Axios recently reported that personal data sale is the Gen Z version of a plasma donation side hustle. A new company called Generation Lab offers $50 or more a month to users who will share their every phone surfing and scrolling move through an app. They then suck in data on your purchase preferences, your content viewing and app usage juxtaposed with demographic modeling to build predictive marketing targets.
Let’s be real – the only way to avoid being ad targeted is to be offline. For many of us, that’s not an option. So kudos to the kids at least looking to get something back for the data they’ve been effectively donating to marketers since birth.
In Instagram’s infinite confusion (or perhaps its trolling ability to know I contain multitudes), it has offered me a small glimpse into the mind fuck that can surround us at major life moment. My obsessive following of every single college my child applied to, as well as my loves and comments on “I got in” posts from around the country has Instagram thinking that perhaps I’m in need of an LWD (little white dress) for graduation.

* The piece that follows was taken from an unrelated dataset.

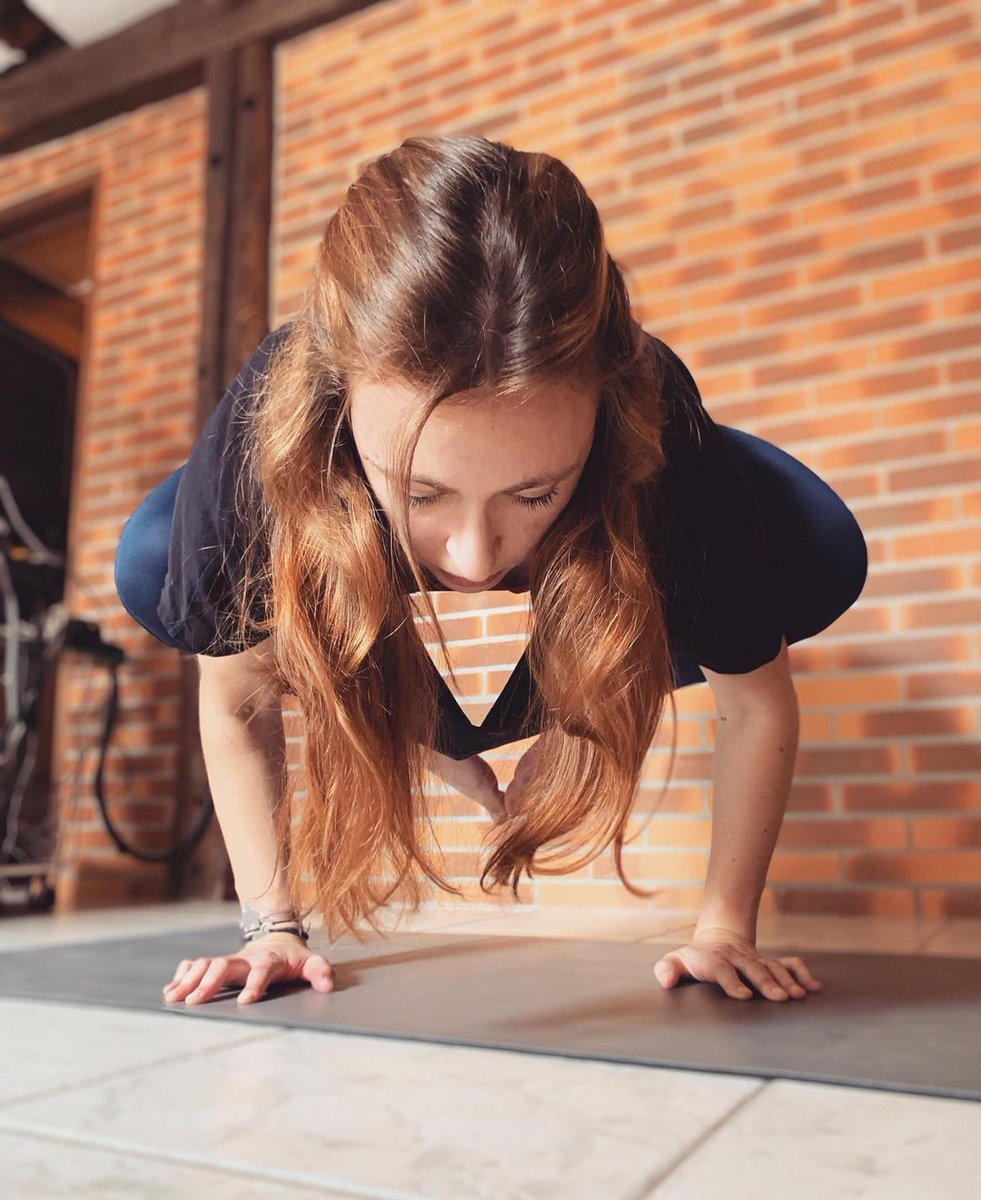 hanafitmedia's tweet photo. 🔗 View More >> https://t.co/7X9O8K5c2k
------
#balance #bordeauxfitness #bordeauxmaville #conditioningtraining #crowpose #france #frenchfirl #frenchfitness #gers #gym #gymbalance #hairstyles #handstanding #healthyish #lesmillsbodybalance #mademoiselleyogini #nogaro #strengthw... https://t.co/uAHw3wWkFB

Graduation Instagram is its own rabbit hole. Who knew there were entire spring fast fashion collections devoted to miniature white dresses – the smallest, frilliest version of Milkmaid Tradwife that seems to be the trend du jour for graduating seniors?
Insta, as grateful as I am for your endless salves for my needs and ailments (which, you remind me, are many), I do hope we can reach some sort of algorithmic sanity.
Because if those LWDs are meant for me, I will definitely need to invest in the wall pilates regimen, full body estrogen cream, that Jason-style red light mask, creatine and several weighted vests to make it work.